Une affaire sordide illustrant la barbarie d'une justice parallèle instaurée dans certaines zones rurales qui relèvent du code tribal et non de la législation nationale. "Nous sommes scandalisés par la barbarie continuelle de ces systèmes parallèles de justice, tous illégaux", avait déclaré à Libération Farida Shaheed, membre de la Commission nationale pakistanaise sur le statut des femmes. La Cour suprême et le ministre en chef de la région du Penjab avaient finalement ordonné la suspension des policiers locaux qui n'étaient pas intervenus et l'arrestation des commanditaires du viol.

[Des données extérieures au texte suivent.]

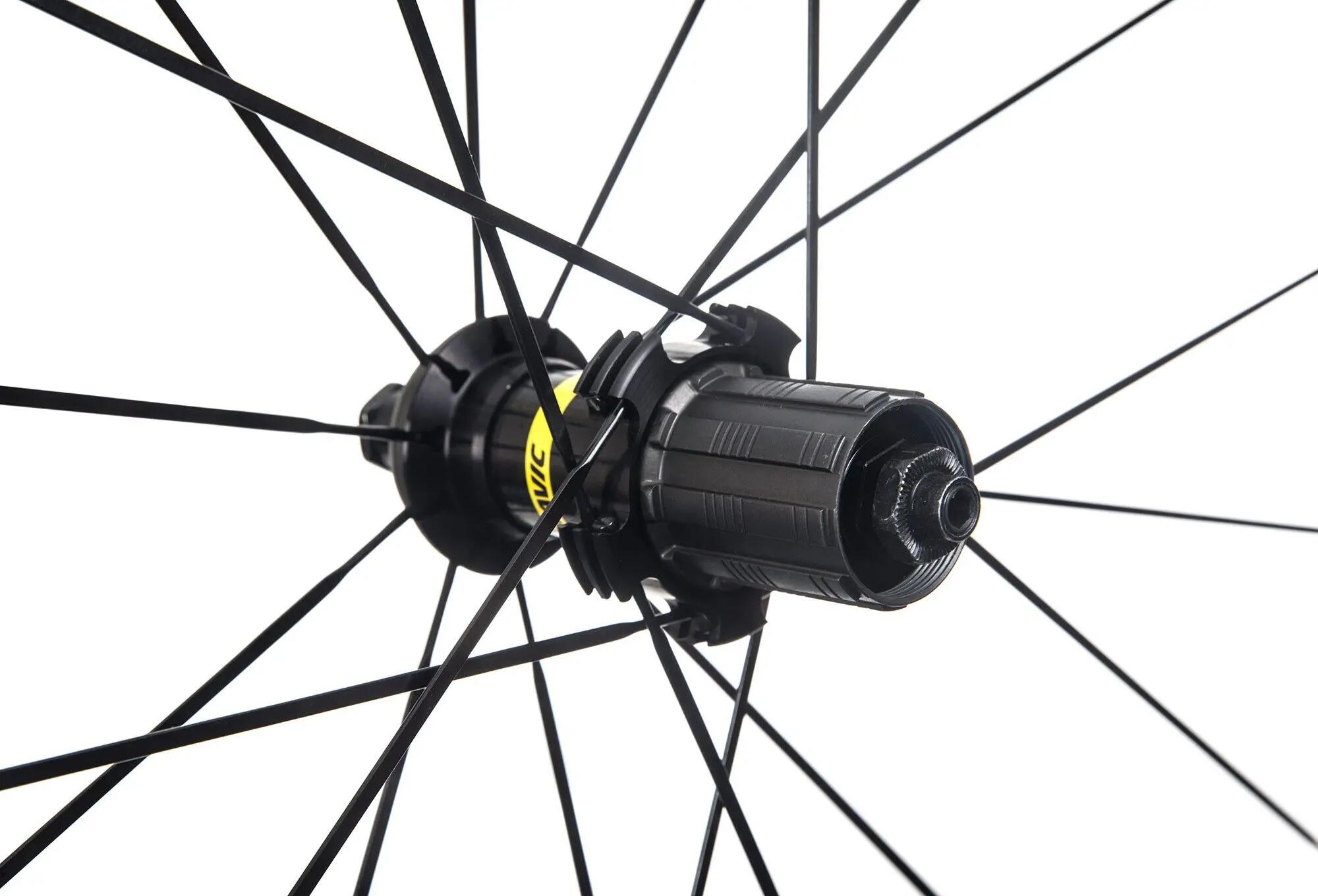 Roue arrière Mavic Crossride UB RB 26 QR M10 2/4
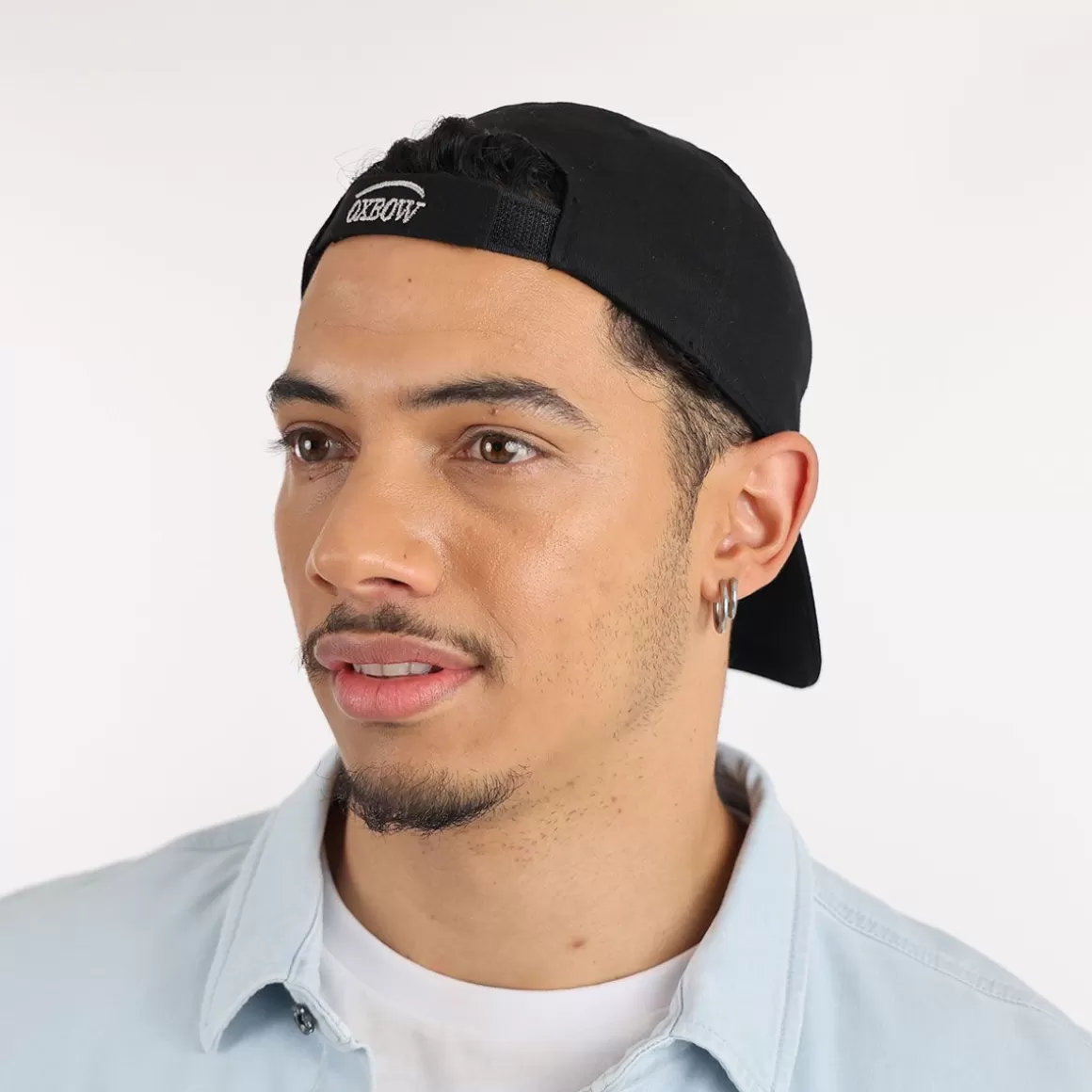 OXBOW Cap ESCOZ - Noir Black Sale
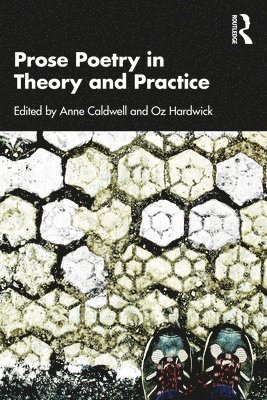 bokomslag Prose Poetry in Theory and Practice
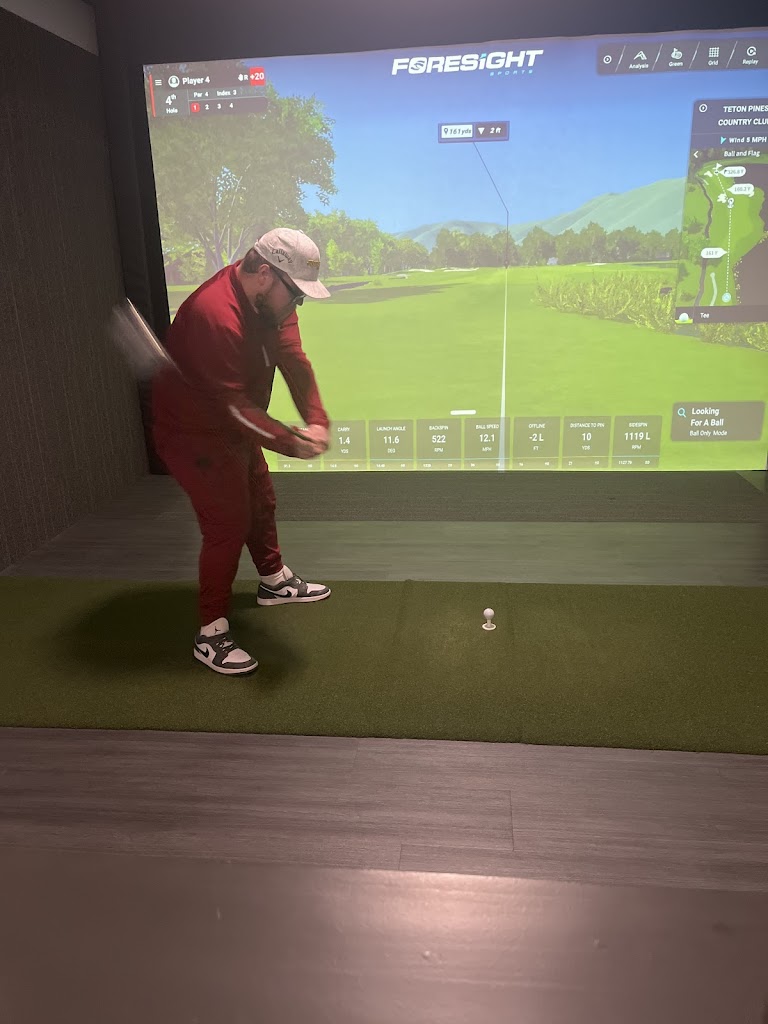 The Golf Facility - review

La lente évolution des mentalités

En 2016, le Parlement pakistanais avait déjà durci la durée des peines encourues en cas de viol (jusqu'à 25 ans de prison), mais l'évolution des mentalités reste un gros chantier. Le gouvernement du Penjab a également annoncé en mai dernier la construction d'une trentaine de centres destinés à la protection des femmes victimes de violences, où seront présents des médecins, des psychologues, des enquêteurs et une assistance légale. Une première pour cette région particulièrement rétrograde qui recense de nombreuses attaques à l'acide, viols et kidnappings.

Une bande dessinée baptisée "Pakistan Girl" incite la nouvelle génération à combattre l'injustice et le sexisme, en mettant en scène une jeune héroïne qui protège les femmes battues et s'en prend aux policiers corrompus. Parce qu'il ne fait aucun doute que l'évolution des comportements passe d'abord par l'éducation des nouvelles générations.